The 103M 1KV is a high-voltage 10 nF ceramic capacitor in paralel with the start-up resistor (R2) for the main switching transistor. The role of this bypass capacitor is to provide a smoother DC power for the main switching transistor – which it does. Basically the ceramic capacitor was only producing noise at low switching frequency if the PSU was not loaded or with very little load.

The original capacitor (in the image above) may have had some sort of defect or at the best it was not designed with low frequency currents in mind. First time after changing the existing bypass capacitor with another one (the same values) the noise was about the same. Then after changing it once more with yet another capacitor taken from another dead PSU the noise was finally gone.

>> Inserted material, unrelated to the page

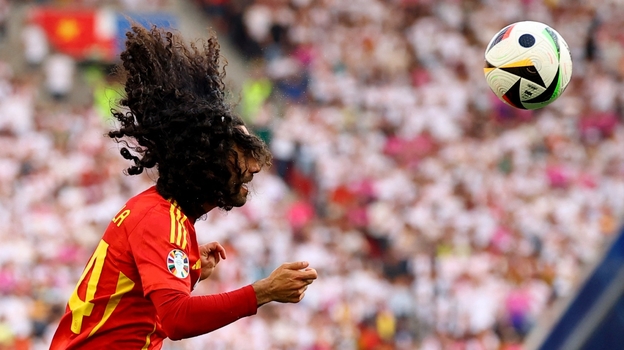 Мяч попал в руку Марка Кукурельи после удара Джамала Мусиалы в матче Испания — Германия.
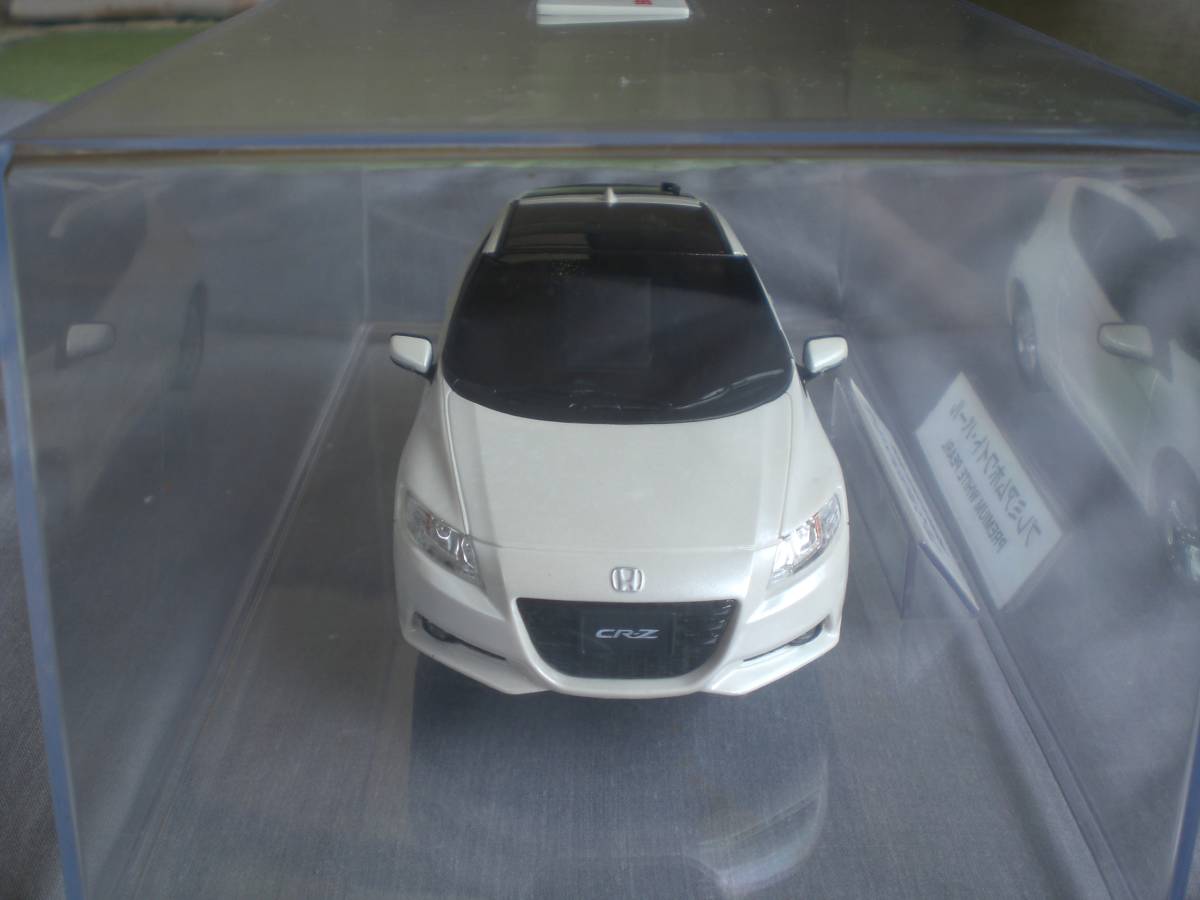 １　HONDA　ホンダ　CR-Z　プレミアムホワイトパール　カラーサンプルミニカー　　1/24 ミニカー　非売品_画像4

This is telling us that the issue might be either a slip in the circuit design or improper quality capacitor for the job or a combination of both. Assembling back the subwoofer enclosure is shown in the following pictures:

Comments (15)

  1. Paul says:

    Hi, I’m not a pro at fixing such problems, but the buzzing sound ist pretty much annoying… my biggest problem so far is to get the PSU board out of the Subwoofer, because it is glued and I don’t want to destroy anything… Can you help me to solve this?

  2. Anonymous says:

    The easiest fix of all, with much less effort is just to pour some epoxy resin or hot glue on top of the capacitor covering it all and joining it with the rest of the board or the large capacitor next to it.
    This should stop the vibration from propagating into the air. You can hear the different tones if you just touch it with a screwdriver and see how gets more silent the stiffer it gets.
    With me, I used hot glue, and it became almost silent after leaving the glue sit for 1 day (can’t hear it 0.5m away). That kind of glue seems stiff to the touch just a few minutes after pouring, but takes quite a few hours to reach its final stiffness.

  3. Lukas says:

    Thanks for the detailed description of the fault. Very usefull.
    I used a pulse rated film cap as replacement. No more anoying buzzing.

  4. John says:

    Is there a risk of a fire, short circuit or any other important problem?

    • says:

      Working on PSUs it’s always risky! Testing should be done before re-assembling. Also make sure you clean the board after working on it with isopropyl alcohol.

  5. Lorak says:

    Thx! I Bought one for 10$ and repaired for 0.1$. Used 3kV 10nF. They should put better capacitor instead of fake tweeters 😀

  6. Ivan says:

    Hello, i have the same problem mine are brand new too. I have warranty 2 years, if i replace it with new ones ill get the same problem right? And i want to ask, is it ok if i turn the power off by the plug (power strip switch)?

  7. Anonymous says:

    Hello, thanks for explaining the issue. I’m not really bothered by the sound, but does this shorten the lifespan of the device? Thanks in advance!

    • says:

      The buzzing might lead to some damage over a long time, as it represents current noise being pumped constantly by the power supply into the audio amplifier circuit board.

  8. J. says:

    I have this problem when I turn off the speakers. Is that normal?

  9. Fabio says:

    Hi, in the article you speak a 10KV (ten) ceramic capacitor but in the photos and in the video I see 1KV (one) ceramic capacitor … is it the same?
    This is because I only have a 103 10KV available to me … it’s just bigger in size … can I use it?
    Thank you

    • says:

      Hello Fabio, it is actually a 1KV (not 10KV – corrected) ceramic capacitor (as in the photographs). You can also use a 10KV as it is equal or higher voltage rating than original. On the other hand, the capacitance should remain close to 10nF as this capacitor has specific filtering role at this value in the SMPSU circuit.